Lifestyle

Couple transform rundown period home that’s now worth twelve times what they paid for it


Candi and Jake spent four years renovating this 100-year-old home (Picture: Jam Press/@restoring502)

When Candi and Jake Whitlow saw an abandoned house covered in overgrown weeds, they knew it was going to be their perfect family home – they just had a mammoth renovation task ahead of them. 

The Missouri couple bought the property, named Hoefer House after the family that lived there for almost 100 years, in 2018 for just $7,000 (£5,700). 

They had been looking for a larger house to raise their son Henry, who’s now six years old, in, and fell in love with this fixer-upper.

‘The house was in great disrepair, but it had so much charm,’ Candi explained. 

‘The front porch is really what sold us – we’ve both always wanted a big old house with a nice front porch to hang out on.’

The wooden porch in question is indeed charming, but required some extra work to get back to its former glory.

The living room before Candi and Jake got to work (Picture: Jam Press/@restoring502)
It’s now an inviting and cosy space (Picture: Jam Press/@restoring502)

Candi and Jake rebuilt the frame, adding a swing seat, flowers, a table and chairs, and new columns, bringing their vision to life.

Their attraction to the hidden gem became more meaningful when they discovered that Candi’s great grandmother’s house was a block away, while two of her uncles would regularly play here when they were kids.

When they first moved it, the family lived downstairs as the upstairs was unsafe to live in (Picture: Jam Press/@restoring502)
Candi and Jake have now got their bedroom back (Picture: Jam Press/@restoring502)

Candi, 32, a stay-at-home mum, and Jake, 34, a service manager for a local car dealership, sold the house they had been living in, throwing their all into the project.

They now had just 60 days to turn this dilapidated house into a home. 

With no time to spare, they set to work the day after they closed the sale. The list of jobs was daunting: the crumbling property needed new plumbing, electrical wiring, a heating system, and insulation.

The porch was overgrown and crumbling when the couple bought it (Picture: Jam Press/@restoring502)
After a rebuild and some new furniture, the deck is now back to its former glory (Picture: Jam Press/@restoring502)

There was standing water in the cellar, which took two weeks to drain. 

The pair took on the challenge, managing to complete the works thanks to loved ones who chipped in to help.

‘It was a whirlwind of family and friends helping us get it out together enough to be able to move in…we ended up putting in a wood stove for our heat source this past winter,’ Candi said. 

Candi and Jake Whitlow had just 60 days to make the home habitable (Picture: Jam Press/@restoring502)
After paying $7,000 for the home, the couple estimate it’s now worth $90,000 (Picture: Jam Press/@restoring502)

‘Since we were only living on the first floor, it worked quite well.’

The couple kept slaving away at home improvements, and four years later their hard work has paid off. 

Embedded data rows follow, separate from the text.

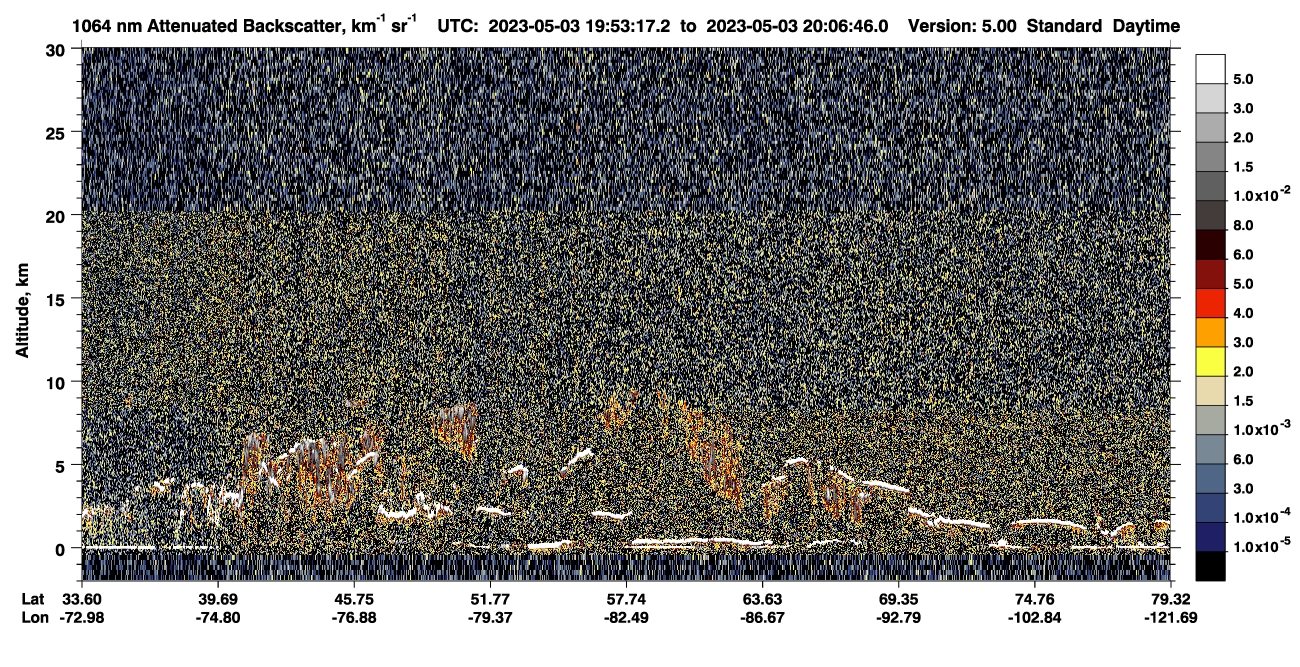 /calipso-imagery/data/BROWSE/production/V5-00/2023-05-03/2023-05-03_19-26-22_V5.00_3_4_CVDcolormap.png image missing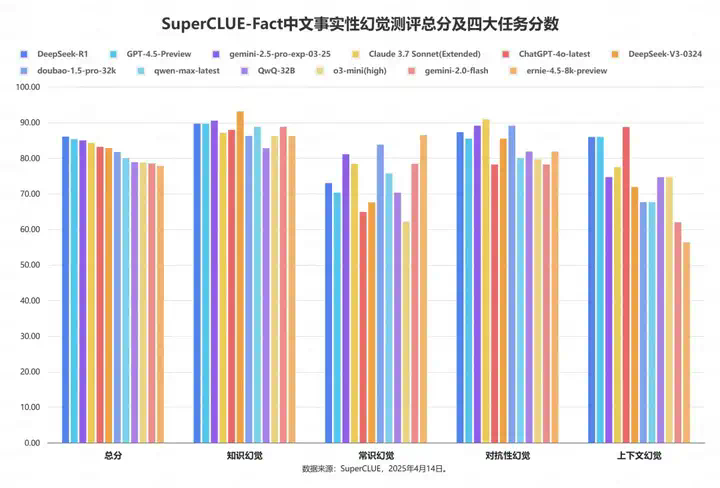 中文大模型幻觉测评系列：事实性幻觉测评结果发布！  第3张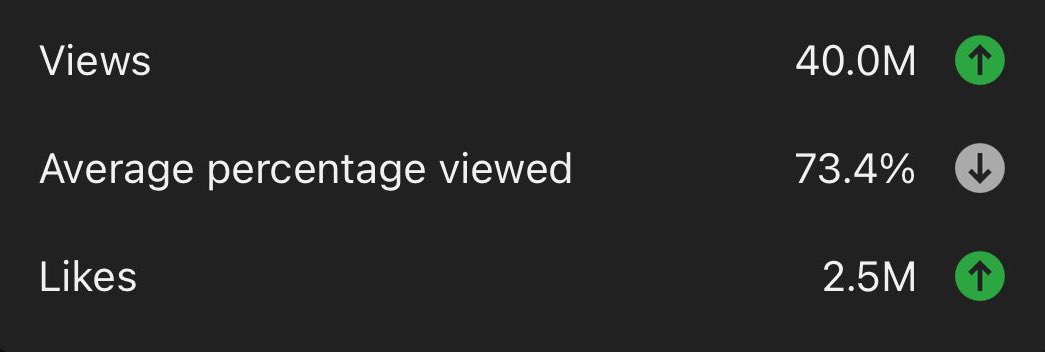 Shortcontentpro's tweet image. This niche is overpowered!

40.0M Views
24M Watch Hours
573.7K Subscribers
$147,528 Estimated Revenue

ALL FROM 1 VIDEO!!!

If you want me to send you the niche comment "Niche"

(MUST BE FOLLOWING AND DM'S MUST BE OPEN)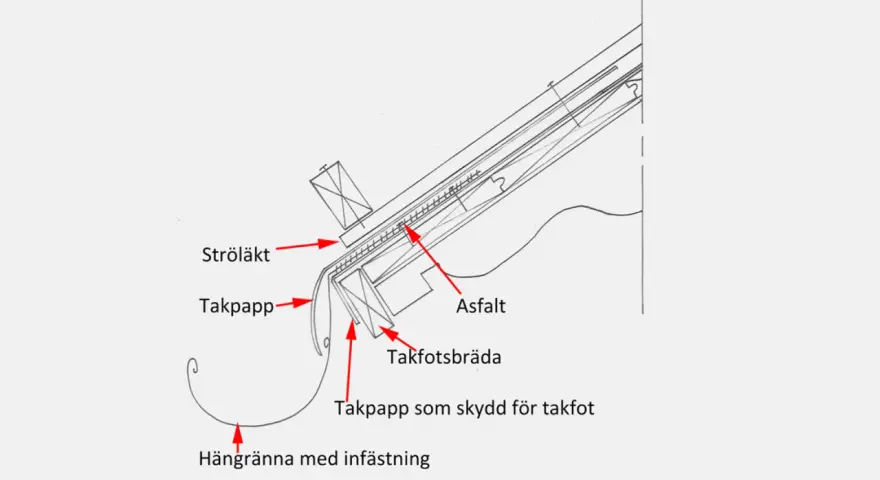 Detaljerad ritning av en papptak konstruktion med takpapp, ströläkt, takfotsbräda och hängränna.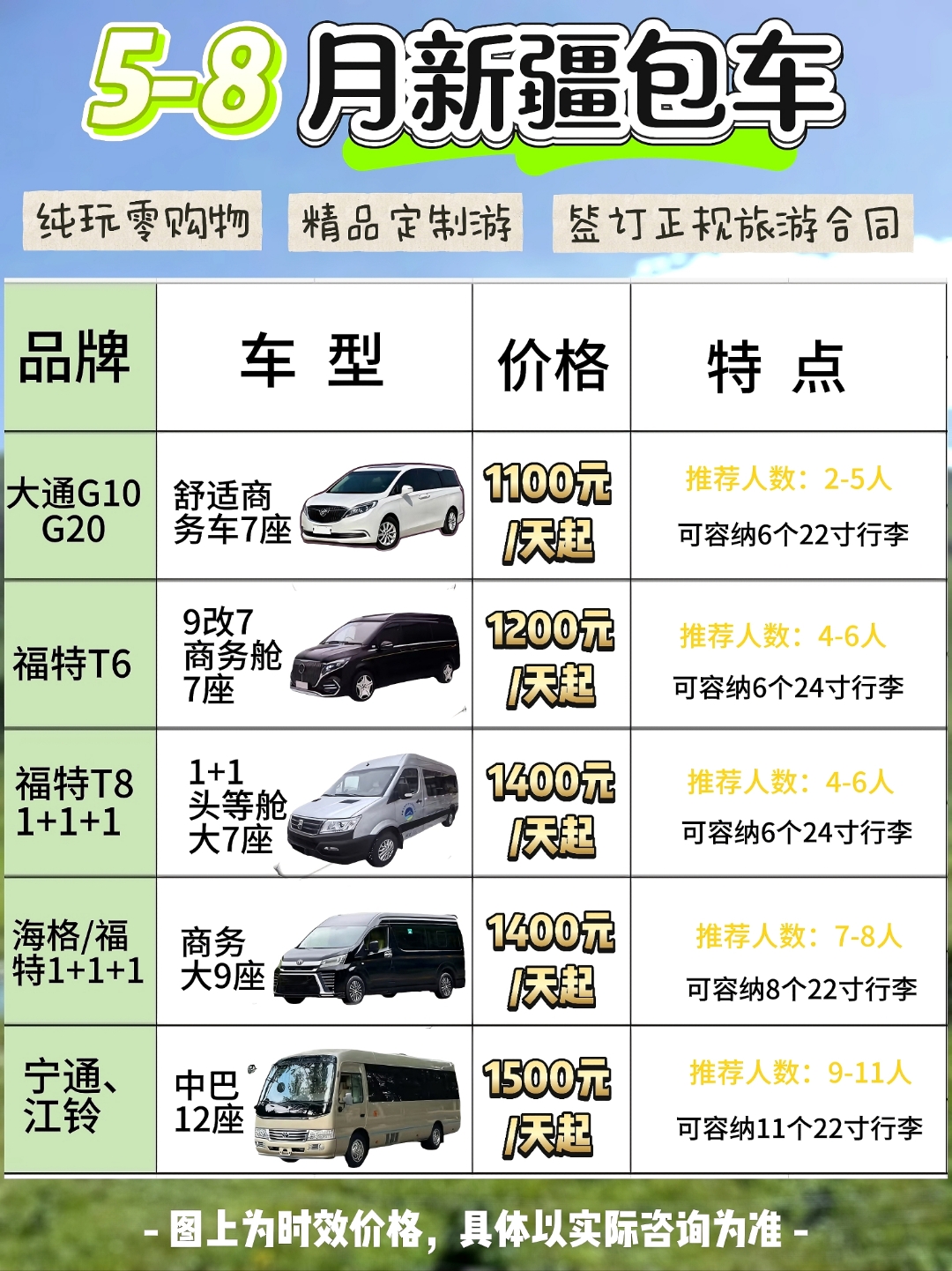 旅程专车司机收入,旅程专车司机收入多少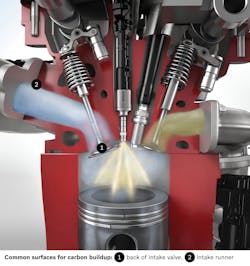 Bosch Gdi System W Callouts2 56a917ebac03c Bosch Gdi System W Callouts2 56a917ebac03c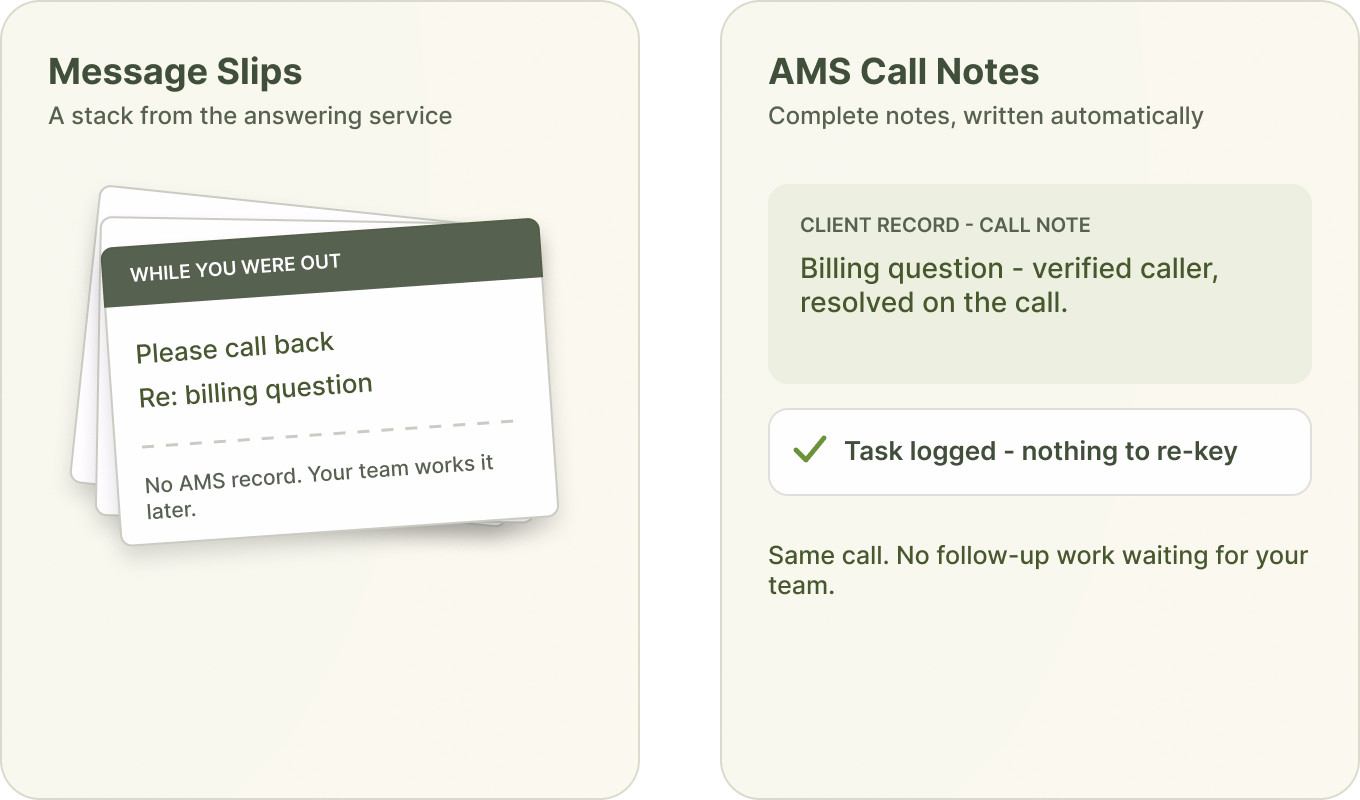 Answering-service message slips next to an AI receptionist’s automatic AMS call notes.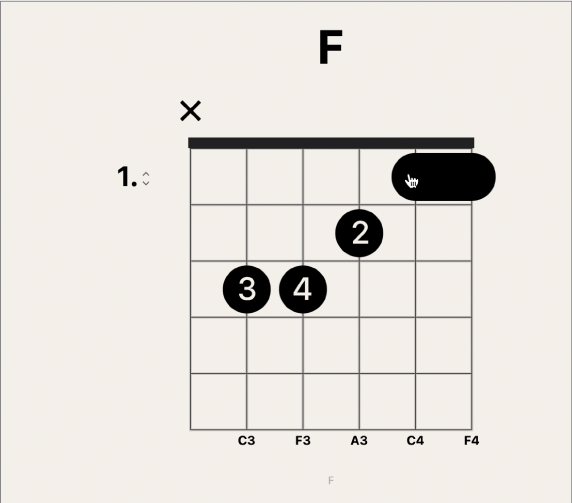 Abbildung. Barré auf Akkorddiagramm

They believe the property, which was built in 1904, is now worth around $90,000 (£73,380), which is more than 12 times what they paid for it. 

The bathroom was a priority for the couple (Picture: Jam Press/@restoring502)
After its transformation, with a chic freestanding bath (Picture: Jam Press/@restoring502)

And yet, there’s still work to be done.

A new kitchen needs installing, the second floor isn’t yet ‘up and running’ and there’s plenty of decorating to do inside.

However the family say they have no regrets and that the labour has been worth every moment.

‘It’s been incredible,’ Candi said. ‘We’ve met so many supportive people on the old house community who are in the trenches of restoration like we are.’

She continued: ‘This has really been a passion project for both of us.

‘Living like we do isn’t for the faint of heart, but it’s such a rewarding experience knowing that you’re saving a piece of history.